Today we continue our discussion on system design. This time we cover Splunk. 1)      Splunk – Splunk is a scaleable time series database arranged as events in buckets – hot/warm, cold or thawed.  These are stored as index files together with some metadata. There are special buckets called introspection. The architecture consists of light weight forwarders, indexers and searchheads each with its own topology and built to scale. The forwarders are the collection agent that collect machine data from customer. The indexers receive the events and handle the bulk of the operations. The searchheads present analysis tools, charts and management interfaces.  Splunk has recently added analysis features based on machine learning. Previously most of the search features were based on unix like command operators that became quite popular and boosted Splunk’s adoption s as the IT tool of choice among other usages. There are a variety of charting tools and their frontend is based on beautiful Javascript while the middle tier is based on Django. The indexers are written in C++ and come with robust capabilities. It is important to note that their database unlike convention relational data or NoSQL was designed primarily for specific usages. If they moved their database to commodity or platform options in the public cloud, they can evolve their frontend to be not restricted to a single enterprise based instance or local host based instance and provide isolated cloud based storage per customer on a subscription basis and Splunk as a cloud and browser based service.

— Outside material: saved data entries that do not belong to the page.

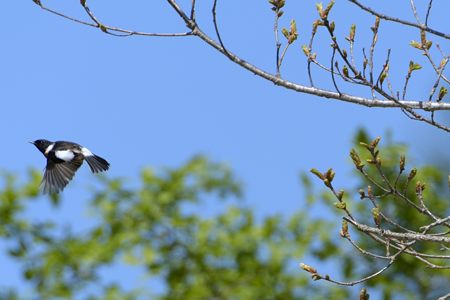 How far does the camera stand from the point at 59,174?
10.1 metres

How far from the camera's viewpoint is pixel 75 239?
1493 centimetres

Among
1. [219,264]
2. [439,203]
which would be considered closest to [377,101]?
[439,203]

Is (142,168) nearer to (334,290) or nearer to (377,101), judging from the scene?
(334,290)

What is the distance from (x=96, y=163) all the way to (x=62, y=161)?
612 mm

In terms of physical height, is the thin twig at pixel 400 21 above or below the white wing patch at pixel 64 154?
below

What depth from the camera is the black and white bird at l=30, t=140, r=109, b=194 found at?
9.98m

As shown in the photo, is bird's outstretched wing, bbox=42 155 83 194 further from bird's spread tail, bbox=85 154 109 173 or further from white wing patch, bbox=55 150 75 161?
bird's spread tail, bbox=85 154 109 173

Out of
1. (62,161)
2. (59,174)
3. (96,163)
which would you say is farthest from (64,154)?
(96,163)

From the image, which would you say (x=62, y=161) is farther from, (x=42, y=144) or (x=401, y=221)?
(x=401, y=221)

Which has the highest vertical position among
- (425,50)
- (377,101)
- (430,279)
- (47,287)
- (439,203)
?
(439,203)

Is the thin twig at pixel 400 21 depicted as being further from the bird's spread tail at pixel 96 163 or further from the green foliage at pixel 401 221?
the green foliage at pixel 401 221

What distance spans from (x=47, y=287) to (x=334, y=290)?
4740 mm

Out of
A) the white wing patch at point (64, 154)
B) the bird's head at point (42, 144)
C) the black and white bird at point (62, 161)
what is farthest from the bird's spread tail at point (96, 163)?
the bird's head at point (42, 144)

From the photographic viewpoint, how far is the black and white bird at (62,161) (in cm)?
998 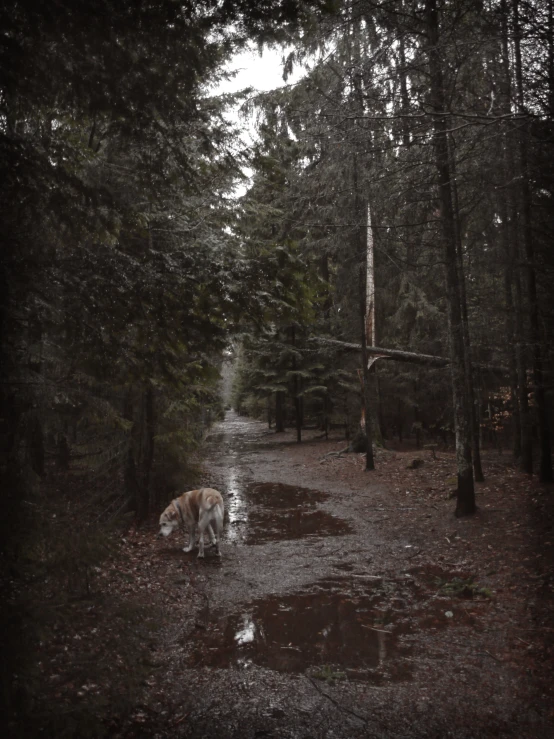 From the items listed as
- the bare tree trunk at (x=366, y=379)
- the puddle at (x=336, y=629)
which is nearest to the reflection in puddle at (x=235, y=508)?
the puddle at (x=336, y=629)

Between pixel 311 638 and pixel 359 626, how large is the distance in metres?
0.65

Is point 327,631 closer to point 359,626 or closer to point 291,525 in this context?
point 359,626

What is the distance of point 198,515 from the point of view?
347 inches

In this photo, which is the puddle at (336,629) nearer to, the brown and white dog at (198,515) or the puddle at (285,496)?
the brown and white dog at (198,515)

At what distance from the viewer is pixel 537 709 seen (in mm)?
3852

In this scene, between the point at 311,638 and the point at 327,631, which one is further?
the point at 327,631

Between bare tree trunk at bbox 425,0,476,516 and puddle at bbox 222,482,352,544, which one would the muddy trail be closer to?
puddle at bbox 222,482,352,544

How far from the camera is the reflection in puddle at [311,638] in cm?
475

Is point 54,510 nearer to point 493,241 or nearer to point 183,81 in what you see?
point 183,81

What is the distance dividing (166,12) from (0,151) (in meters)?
1.44

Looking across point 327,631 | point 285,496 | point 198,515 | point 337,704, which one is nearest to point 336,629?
point 327,631

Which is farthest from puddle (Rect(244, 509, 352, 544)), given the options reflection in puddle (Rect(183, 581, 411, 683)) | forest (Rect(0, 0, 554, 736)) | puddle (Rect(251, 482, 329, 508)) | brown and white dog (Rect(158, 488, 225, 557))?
forest (Rect(0, 0, 554, 736))

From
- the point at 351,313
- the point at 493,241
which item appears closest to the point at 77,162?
the point at 493,241

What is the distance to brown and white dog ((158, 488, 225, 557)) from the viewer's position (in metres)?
8.39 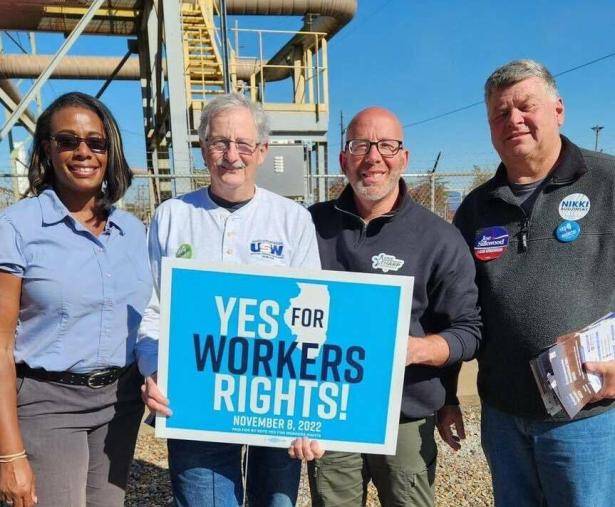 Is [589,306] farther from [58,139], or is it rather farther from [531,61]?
[58,139]

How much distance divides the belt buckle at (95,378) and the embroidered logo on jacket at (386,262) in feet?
4.15

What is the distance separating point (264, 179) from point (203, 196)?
23.9 feet

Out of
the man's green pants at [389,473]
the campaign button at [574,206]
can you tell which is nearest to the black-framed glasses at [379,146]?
the campaign button at [574,206]

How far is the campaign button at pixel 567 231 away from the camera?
212cm

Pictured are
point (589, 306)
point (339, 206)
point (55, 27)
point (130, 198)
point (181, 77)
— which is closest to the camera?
point (589, 306)

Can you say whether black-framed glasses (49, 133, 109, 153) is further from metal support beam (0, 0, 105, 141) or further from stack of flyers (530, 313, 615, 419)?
metal support beam (0, 0, 105, 141)

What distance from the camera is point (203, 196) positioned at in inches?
85.9

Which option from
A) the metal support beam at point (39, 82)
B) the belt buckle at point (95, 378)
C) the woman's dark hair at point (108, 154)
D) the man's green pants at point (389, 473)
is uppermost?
the metal support beam at point (39, 82)

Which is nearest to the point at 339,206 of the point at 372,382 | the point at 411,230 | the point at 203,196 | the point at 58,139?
the point at 411,230

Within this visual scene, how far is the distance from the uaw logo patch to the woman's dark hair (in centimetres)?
68

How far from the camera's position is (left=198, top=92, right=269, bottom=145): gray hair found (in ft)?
6.87

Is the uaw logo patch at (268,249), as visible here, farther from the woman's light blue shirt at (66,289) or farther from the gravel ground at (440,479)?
the gravel ground at (440,479)

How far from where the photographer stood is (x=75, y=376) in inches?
78.4

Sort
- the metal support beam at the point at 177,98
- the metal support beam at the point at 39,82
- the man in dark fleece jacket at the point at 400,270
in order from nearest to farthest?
the man in dark fleece jacket at the point at 400,270
the metal support beam at the point at 39,82
the metal support beam at the point at 177,98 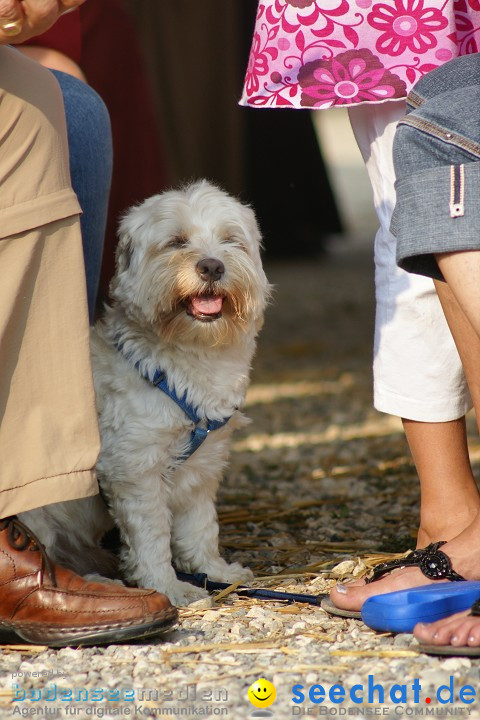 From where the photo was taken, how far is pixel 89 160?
323 cm

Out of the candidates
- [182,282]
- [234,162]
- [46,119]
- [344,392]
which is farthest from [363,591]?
[234,162]

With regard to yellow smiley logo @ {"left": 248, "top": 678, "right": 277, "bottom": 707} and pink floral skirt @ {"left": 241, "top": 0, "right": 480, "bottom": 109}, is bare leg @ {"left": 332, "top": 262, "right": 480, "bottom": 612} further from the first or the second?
pink floral skirt @ {"left": 241, "top": 0, "right": 480, "bottom": 109}

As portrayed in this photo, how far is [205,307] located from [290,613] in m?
0.85

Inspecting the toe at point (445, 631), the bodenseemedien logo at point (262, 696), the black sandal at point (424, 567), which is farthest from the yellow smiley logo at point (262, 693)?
the black sandal at point (424, 567)

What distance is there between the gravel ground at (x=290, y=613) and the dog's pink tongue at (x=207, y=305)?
2.43 feet

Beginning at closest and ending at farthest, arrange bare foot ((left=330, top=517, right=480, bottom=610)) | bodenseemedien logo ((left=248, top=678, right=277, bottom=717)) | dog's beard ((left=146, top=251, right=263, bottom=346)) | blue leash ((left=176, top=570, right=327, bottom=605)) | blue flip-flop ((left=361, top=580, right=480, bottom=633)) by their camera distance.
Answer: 1. bodenseemedien logo ((left=248, top=678, right=277, bottom=717))
2. blue flip-flop ((left=361, top=580, right=480, bottom=633))
3. bare foot ((left=330, top=517, right=480, bottom=610))
4. blue leash ((left=176, top=570, right=327, bottom=605))
5. dog's beard ((left=146, top=251, right=263, bottom=346))

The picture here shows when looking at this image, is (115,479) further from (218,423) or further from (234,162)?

Next, we cover Consistent Hashing – This is a notion that is quietly finding its way into several distributed systems and services. Initially we had a cache that was distributed among n servers as hash(o) modulo n. This had the nasty side-effect that when one or more servers went down or were added into the pool, all the objects in the cache would lose their hash because the variable n changed. Instead consistent hashing came up with the scheme of accommodating new servers and taking old servers offline by arranging the hashes around a circle with cache points.  When a cache is removed or added, the objects with hashes along the circle are moved clockwise to the next cache point. It also introduced “virtual nodes” which are replicas of cache points in the circle. Since the caches may have non-uniform distribution of objects across caches, the virtual nodes have replicas of objects from a number of cache points.
Public class ConsistentHash<T>{
Private SortedDictionary<Int, T> circle = new SortedDictionary<Int, T>(); // Usually a TreeMap is used which keeps the keys sorted even with duplicates.
Since a number of replicas are maintained, the replica number may be added to the string representation of the object before it is hashed.  A good example is memcached which uses consistent hashing.
#codingexercise
Find if there is a subset of numbers in a given integer array that when AND with the given number results in Zero.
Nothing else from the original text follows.